NIS2 sur le terrain, trois regards pour comprendre la transformation

Pour les directions informatiques, la prise de conscience est désormais totale. Le risque n’est plus théorique et peut stopper net l’activité d’une entreprise. Beaucoup de DSI ont entamé la refonte de leurs systèmes, souvent guidés par des principes simples mais essentiels. Documenter les politiques de sécurité, auditer les procédures existantes et sensibiliser les équipes deviennent les premiers gestes de maturité. Cette démarche pragmatique, appuyée sur des outils mis à disposition par l’ANSSI, permet d’engager un plan d’action sur un à trois ans. L’objectif est clair : reprendre la maîtrise des systèmes d’information, avoir une vision complète des flux et savoir réagir immédiatement en cas d’incident.

Le regard des experts cyber : entre pénurie de compétences et pragmatisme opérationnel

Du côté des spécialistes de la cybersécurité, le constat est partagé. Les entreprises manquent encore cruellement de compétences internes et peinent à recruter des profils qualifiés. Plutôt que de tout externaliser, les experts recommandent une approche hybride. Les activités les plus critiques, comme la supervision 24 heures sur 24, peuvent être confiées à des prestataires spécialisés, tandis que la gouvernance, la documentation et la gestion de projet peuvent être assurées en interne. La formation joue ici un rôle clé. En développant des référents sécurité au sein même des équipes, les entreprises gagnent en autonomie et en compréhension du risque. Cette montée en compétence est souvent la meilleure garantie d’une cybersécurité durable et maîtrisée.

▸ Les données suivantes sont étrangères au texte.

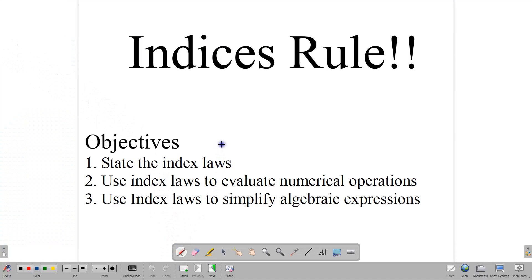Hello, everyone. Welcome back to our video class here at CSEC Math Tutor. In this lesson, we are going to be focused on indices. We want to state the index laws, use index laws to evaluate numerical operations, and use index laws to simplify algebraic expressions.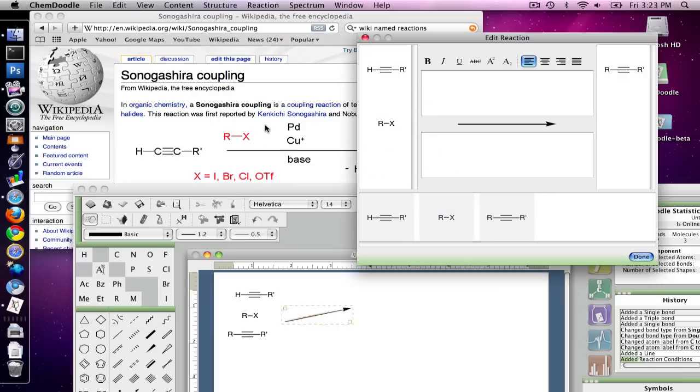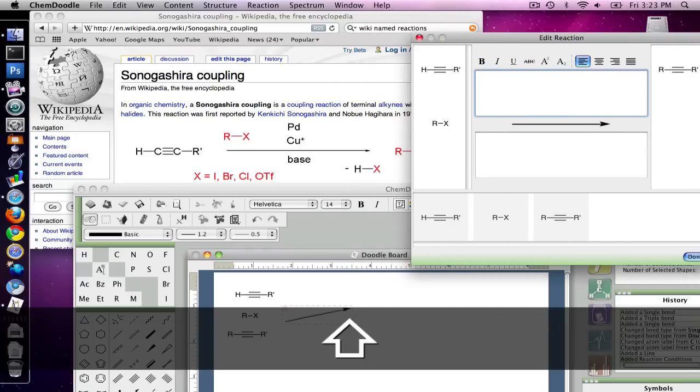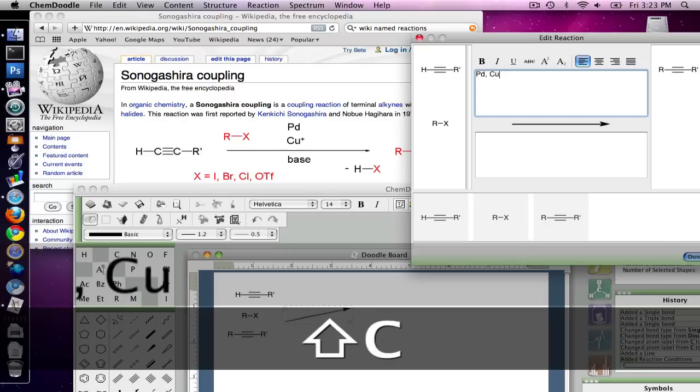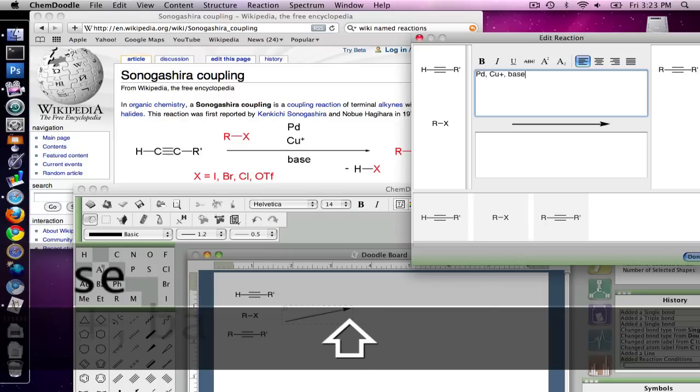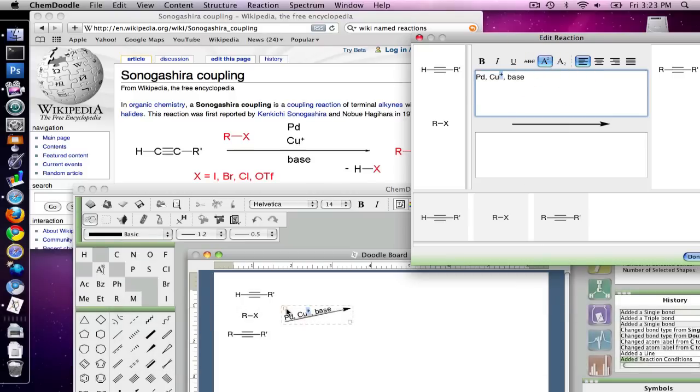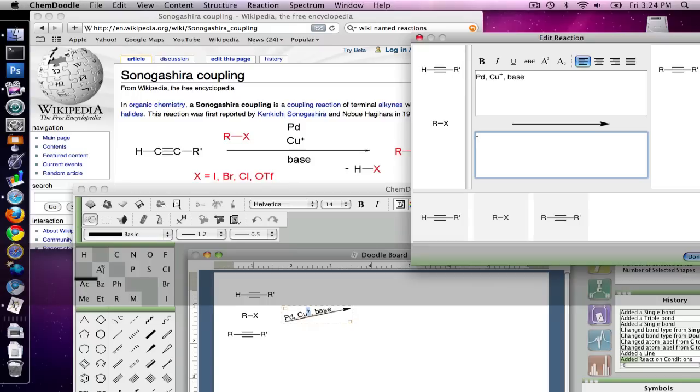So I also want to add the rest of the descriptors for the reaction here. And so at the top, I'm going to put in the palladium, the copper, and the base. You'll notice that they've already popped up down here. And on the bottom, I'm going to show off this hydrogen halide that will be being removed from the system.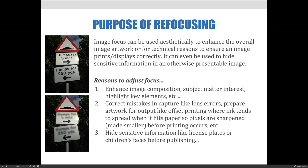What's the purpose of refocusing or adjusting the focus? Focus can be used aesthetically to enhance the overall image artwork. It can also be used for technical reasons like ensuring the image prints or displays correctly. It can even be used to hide sensitive information in an otherwise presentable image. Typically, the key reasons to adjust focus include to enhance image composition, subject matter interest, and highlight key elements.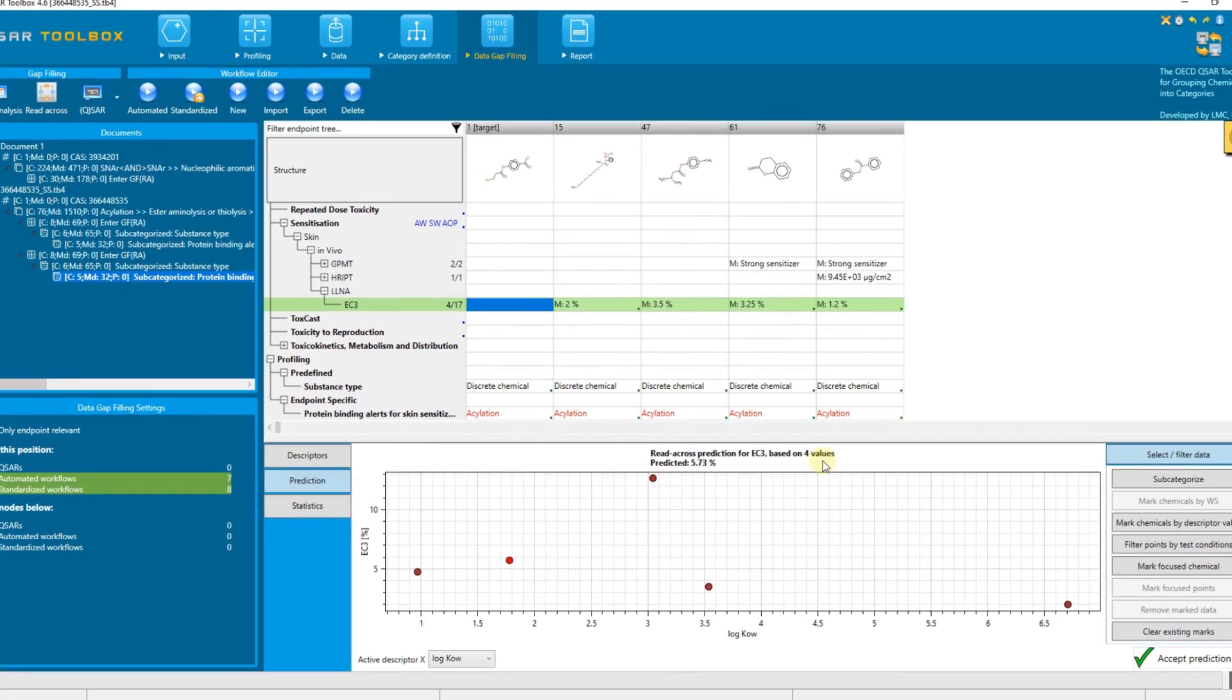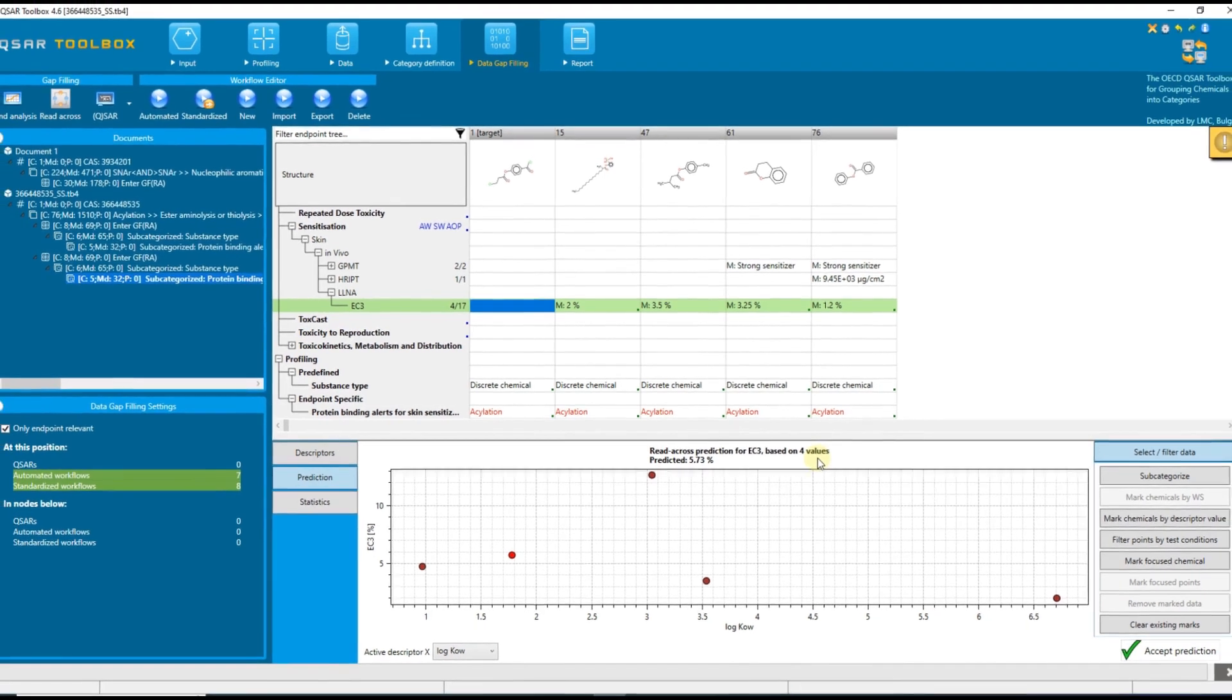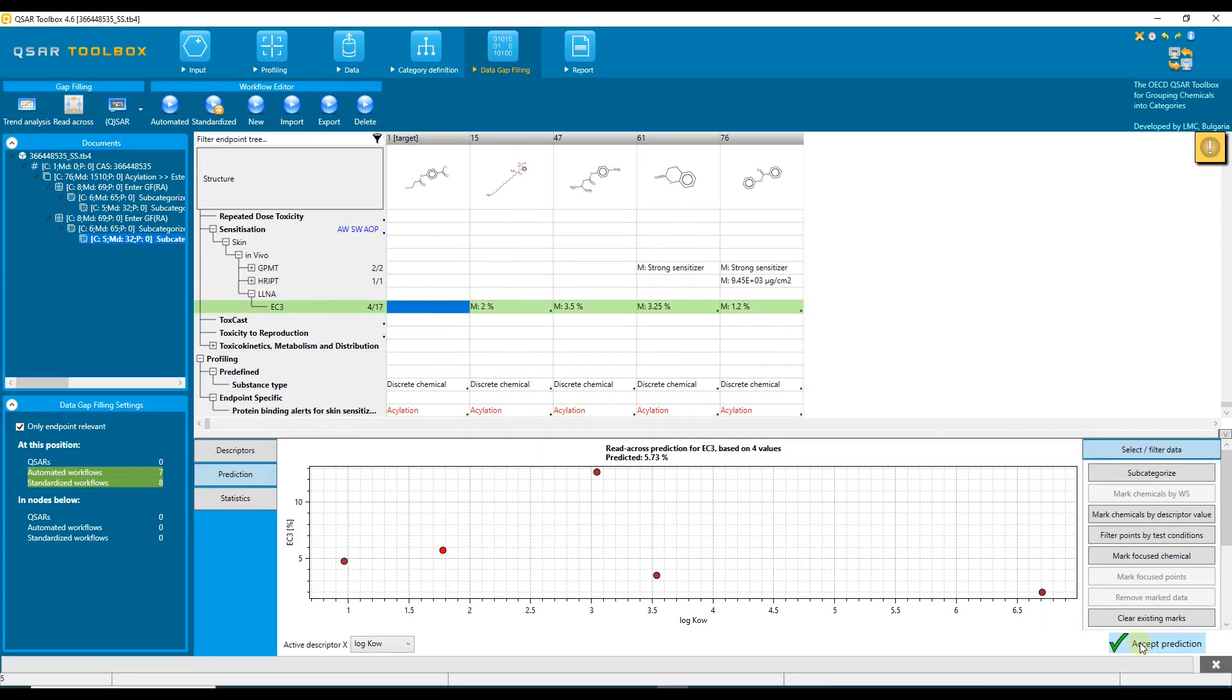Keep in mind that this tutorial was created to illustrate the subcategorization functionality in the QSAR toolbox and does not provide recommendations on how to perform an acceptable read-across under REACH. This is why essential aspects for acceptable read-across, including the quality of the underlying experimental data, availability of robust study summaries, and the impact on the toxicity of the structural differences between target and analogs are not discussed.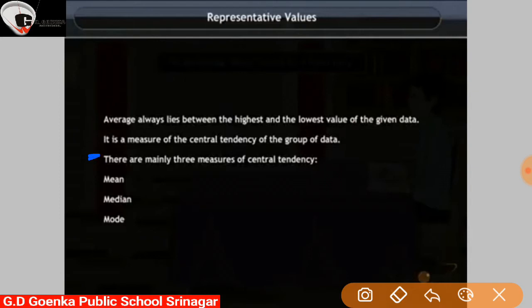There are mainly three measures of central tendency: mean, median, and mode. We will discuss them one by one.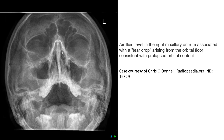Another case of sinus Water's view to show orbital fracture, where we can see the teardrop sign of the right eye with prolapsed orbital contents.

Le regard juridique : anticiper les obligations et sécuriser les responsabilités

Pour les juristes, l’enjeu principal réside dans la préparation. Les contrats doivent être revus avec précision afin d’intégrer la réalité des nouvelles obligations. Il ne s’agit pas seulement de définir la responsabilité ou les plafonds d’indemnisation, mais aussi de clarifier la gestion d’un incident, les délais de notification et la chaîne d’alerte. La conformité documentaire joue ici un rôle décisif. Un dossier complet, mis à jour et testé, devient une preuve de diligence en cas de litige ou de contrôle. Les experts rappellent que la responsabilité du dirigeant reste entière, notamment sur les sujets liés à la protection des données. Anticiper ces aspects permet d’éviter qu’une crise technique ne se transforme en crise juridique.

 

Se préparer à NIS2, c’est bien plus que cocher des cases de conformité. C’est instaurer une culture de la résilience partagée, où chaque collaborateur devient acteur de la sécurité collective. La directive rappelle qu’une crise se gère d’abord par la préparation, la coordination et la clarté des responsabilités. En s’appuyant sur la formation, la documentation et l’amélioration continue, les organisations transforment la contrainte réglementaire en méthode de pilotage. C’est ainsi qu’elles renforcent leur agilité face aux crises, leur crédibilité auprès des partenaires et leur valeur sur le long terme. La conformité devient alors synonyme de maîtrise et de confiance.